Seni Budaya Jepang – Sebagian binatang mitos atau legenda tentunya selalu ada pada sebagian negara seperti di Indonesia umpamanya dengan sosok burung Garuda nah di Jepang juga memilikinya tapi negeri sakura ini memiliki banyak sekali mahkluk-mahkluk mitos yang benar-benar menarik untuk diceritakan dan salah satunya yang akan kami ceritakan yaitu perihal Burung Legenda Houou, menurut cerita legenda burung ini berbulu benar-benar cantik dan juga berbentuk seperti burung cenderawasih dengan warna bulu yang berjenis-jenis-variasi dan ukuran yang lebih besar.

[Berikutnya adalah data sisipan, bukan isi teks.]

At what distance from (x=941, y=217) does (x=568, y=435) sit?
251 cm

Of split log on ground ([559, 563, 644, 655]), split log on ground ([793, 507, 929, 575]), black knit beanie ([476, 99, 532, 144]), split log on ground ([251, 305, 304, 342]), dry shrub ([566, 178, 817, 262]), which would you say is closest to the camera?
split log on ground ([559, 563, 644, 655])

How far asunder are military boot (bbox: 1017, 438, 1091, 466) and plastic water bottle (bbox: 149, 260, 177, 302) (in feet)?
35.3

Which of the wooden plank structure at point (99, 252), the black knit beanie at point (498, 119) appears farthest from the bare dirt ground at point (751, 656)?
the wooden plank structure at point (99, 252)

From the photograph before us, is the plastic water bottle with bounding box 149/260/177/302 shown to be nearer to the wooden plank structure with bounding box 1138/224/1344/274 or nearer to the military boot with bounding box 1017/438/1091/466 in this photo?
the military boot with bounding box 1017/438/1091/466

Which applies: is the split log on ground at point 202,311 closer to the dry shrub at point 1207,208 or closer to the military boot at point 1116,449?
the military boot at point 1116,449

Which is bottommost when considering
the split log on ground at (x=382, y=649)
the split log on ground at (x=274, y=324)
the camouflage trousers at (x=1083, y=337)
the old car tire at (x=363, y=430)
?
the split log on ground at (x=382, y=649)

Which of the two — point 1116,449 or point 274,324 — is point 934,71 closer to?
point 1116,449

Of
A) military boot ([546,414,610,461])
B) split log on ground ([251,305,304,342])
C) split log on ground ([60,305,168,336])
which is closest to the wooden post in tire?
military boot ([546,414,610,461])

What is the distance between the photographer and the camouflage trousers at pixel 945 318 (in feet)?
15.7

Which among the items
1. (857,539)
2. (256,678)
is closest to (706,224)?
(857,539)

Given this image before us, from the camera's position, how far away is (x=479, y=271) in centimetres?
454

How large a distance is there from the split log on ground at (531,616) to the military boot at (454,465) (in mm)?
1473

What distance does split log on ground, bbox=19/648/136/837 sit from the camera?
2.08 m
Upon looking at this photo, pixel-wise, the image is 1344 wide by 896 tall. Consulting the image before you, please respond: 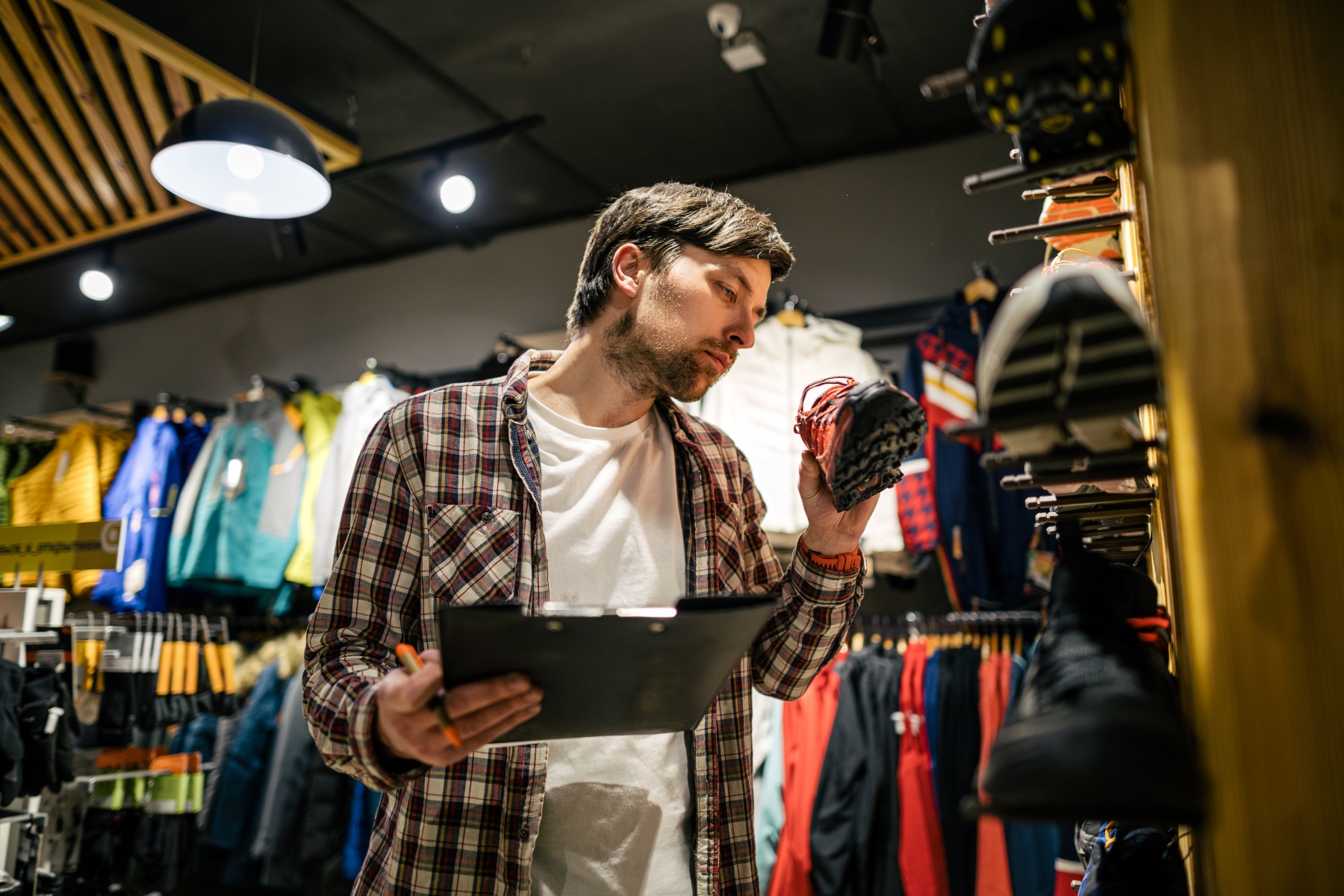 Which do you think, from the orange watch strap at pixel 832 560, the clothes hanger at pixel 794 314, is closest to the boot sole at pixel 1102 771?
the orange watch strap at pixel 832 560

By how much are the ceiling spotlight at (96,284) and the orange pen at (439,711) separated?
4.54 m

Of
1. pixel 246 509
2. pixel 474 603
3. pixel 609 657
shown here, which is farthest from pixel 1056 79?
pixel 246 509

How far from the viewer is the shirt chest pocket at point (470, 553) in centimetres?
130

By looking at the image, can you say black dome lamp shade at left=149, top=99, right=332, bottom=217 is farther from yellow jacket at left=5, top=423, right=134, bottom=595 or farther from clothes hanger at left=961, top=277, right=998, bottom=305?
yellow jacket at left=5, top=423, right=134, bottom=595

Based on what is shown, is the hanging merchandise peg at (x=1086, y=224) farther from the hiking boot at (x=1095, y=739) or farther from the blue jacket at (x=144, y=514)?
the blue jacket at (x=144, y=514)

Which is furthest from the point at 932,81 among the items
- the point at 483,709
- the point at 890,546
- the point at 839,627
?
the point at 890,546

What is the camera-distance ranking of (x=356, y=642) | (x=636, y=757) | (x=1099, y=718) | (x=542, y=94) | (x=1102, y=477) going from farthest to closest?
1. (x=542, y=94)
2. (x=636, y=757)
3. (x=356, y=642)
4. (x=1102, y=477)
5. (x=1099, y=718)

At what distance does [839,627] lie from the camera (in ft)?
4.58

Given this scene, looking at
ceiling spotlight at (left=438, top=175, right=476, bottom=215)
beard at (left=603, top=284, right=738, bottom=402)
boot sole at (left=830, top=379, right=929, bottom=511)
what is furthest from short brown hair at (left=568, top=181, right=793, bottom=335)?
ceiling spotlight at (left=438, top=175, right=476, bottom=215)

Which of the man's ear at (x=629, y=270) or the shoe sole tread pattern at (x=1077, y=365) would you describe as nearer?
the shoe sole tread pattern at (x=1077, y=365)

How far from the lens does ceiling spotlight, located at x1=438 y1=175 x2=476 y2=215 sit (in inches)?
137

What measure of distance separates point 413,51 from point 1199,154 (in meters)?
3.08

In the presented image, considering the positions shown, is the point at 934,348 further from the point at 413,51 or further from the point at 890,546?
the point at 413,51

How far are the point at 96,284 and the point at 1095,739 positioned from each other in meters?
5.17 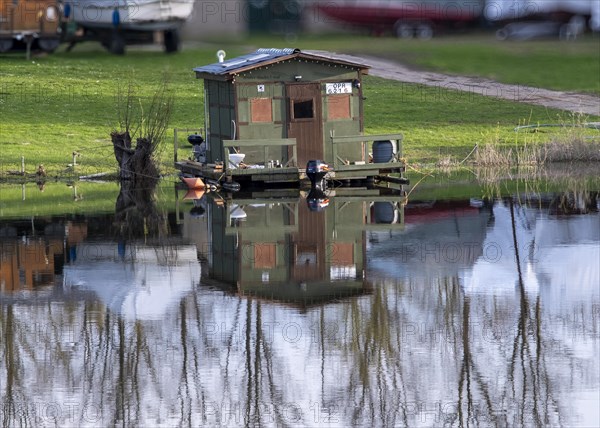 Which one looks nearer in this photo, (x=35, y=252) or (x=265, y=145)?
(x=35, y=252)

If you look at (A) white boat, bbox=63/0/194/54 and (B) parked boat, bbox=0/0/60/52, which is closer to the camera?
(B) parked boat, bbox=0/0/60/52

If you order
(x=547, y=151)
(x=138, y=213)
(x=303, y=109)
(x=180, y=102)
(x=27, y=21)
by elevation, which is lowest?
(x=138, y=213)

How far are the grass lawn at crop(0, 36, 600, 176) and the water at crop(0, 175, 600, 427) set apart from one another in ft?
32.5

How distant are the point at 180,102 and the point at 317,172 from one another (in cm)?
1552

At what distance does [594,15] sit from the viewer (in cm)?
5950

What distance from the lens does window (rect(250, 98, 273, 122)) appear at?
38188 mm

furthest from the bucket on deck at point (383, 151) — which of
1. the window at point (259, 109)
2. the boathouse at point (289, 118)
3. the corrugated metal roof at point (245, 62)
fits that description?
the corrugated metal roof at point (245, 62)

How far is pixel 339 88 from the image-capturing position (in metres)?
38.9

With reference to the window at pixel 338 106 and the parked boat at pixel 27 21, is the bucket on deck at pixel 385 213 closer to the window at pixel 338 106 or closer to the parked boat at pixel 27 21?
the window at pixel 338 106

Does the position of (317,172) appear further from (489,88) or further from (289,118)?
(489,88)

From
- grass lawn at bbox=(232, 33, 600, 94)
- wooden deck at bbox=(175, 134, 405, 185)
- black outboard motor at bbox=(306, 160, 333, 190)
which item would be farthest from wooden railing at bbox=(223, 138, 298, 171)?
grass lawn at bbox=(232, 33, 600, 94)

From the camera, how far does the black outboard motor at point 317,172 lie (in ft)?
121

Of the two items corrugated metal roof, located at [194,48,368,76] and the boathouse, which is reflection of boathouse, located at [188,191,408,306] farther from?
corrugated metal roof, located at [194,48,368,76]

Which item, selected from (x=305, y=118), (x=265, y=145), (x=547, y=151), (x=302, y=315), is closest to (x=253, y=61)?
(x=305, y=118) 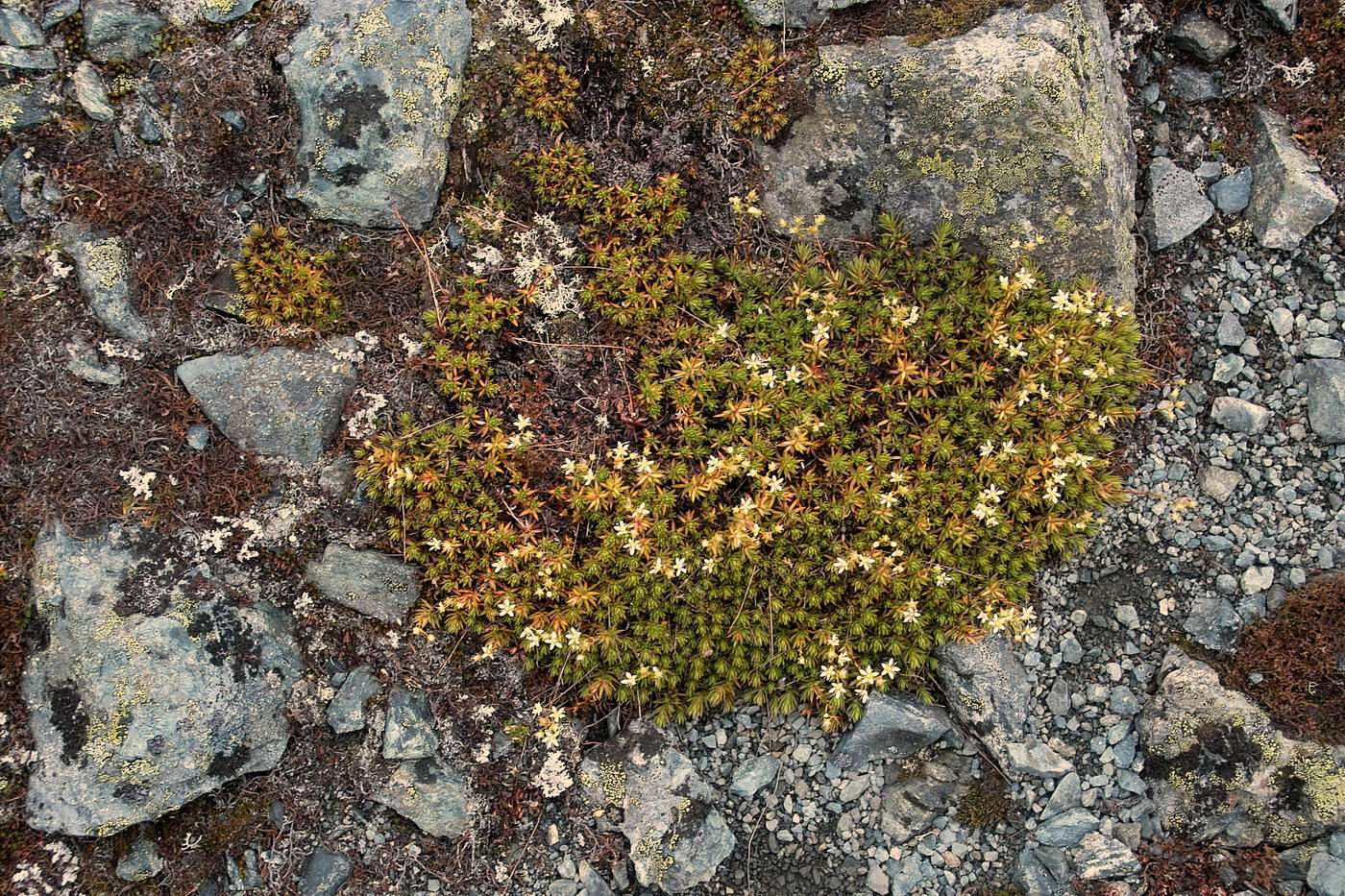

Simak Juga : MITOLOGI JEPANG

Houou (鳳凰) sesungguhnya yaitu makhluk yang menurut dengan burung Phoenix di China. Di China, mereka disebut sebagai 鳳 Fèng (Phoenix laki – laki) dan 凰 Huáng (Phoenix perempuan). Sementara itu, di Jepang mereka disebut sebagai 鳳 Hou (Phoenix laki – laki) dan 凰 Ou (Phoenix perempuan), burung Houou mulai familiar pada saat Waktu Heian. Sebagian menggambarkannya seperti Phoenix dari China, sebagian menggambarkannya dengan berbeda. Jikalau dalam penggambarannya dalam mitologi China Fenghuang memiliki latar bambu, maka Houou ditunjukkan memiliki latar bunga sakura dan crysanthemums.

artforia.com

Houou ditunjukkan benar-benar jarang muncul. Dia cuma muncul di tempat yang tenteram. Dibeberkan sebagai makhluk yang sakral, banyak cerita yang mengatakan saat Houou terbang, maka angin akan stop malahan burung – burung yang lain dan serangga malahan ikut serta membisu. Tempat yang didatangi Houou diandalkan akan menjadi tempat yang tenteram, aman, sejahtera, dan penduduknya selalu dilingkupi oleh kebahagiaan dan perlindungan. Ketidakhadiran Phoenix Jepang itu selalu dianggap sebagai petunjuk bagus yang akan membawa suatu pembaharuan selangkah lebih maju. Burung sakral itu diberitakan akan menghilang terbang ke surga saat terjadi peperangan di mana – mana. Houou bersama dengan Kirin sering kali disebut – sebut sebagai binatang paling suci di Jepang.

Berdasarkan cerita Houou yaitu makhluk yang cinta ketenteraman. Mereka tidak mengganggu makhluk hidup lainnya dan cuma makan bibit bambu. Makhluk cantik itu memiliki ekor yang seperti burung merak. Ekornya memiliki lima warna yaitu putih, hitam, merah, kuning, dan biru yang melambangkan kayu, api, bumi, metal, dan air. Karena kepopulerannya, burung yang satu itu sering kali dibuat motif atau lambang di negara bunga sakura. Patung Hōō yang paling familiar dapat diamati di atap Byōdō-in Hō-ō-do, Kyoto. Patung hal yang demikian terbuat dari tembaga dan memiliki tinggi satu meter. Pada abad ke 13 sampai abad 19, desain Hōō menjadi populer dan biasanya dapat ditemukan di kotak perak atau emas. Dikala ini, teladan Hōō juga banyak menghiasi kimono – kimono atau lukisan cantik dari Jepang.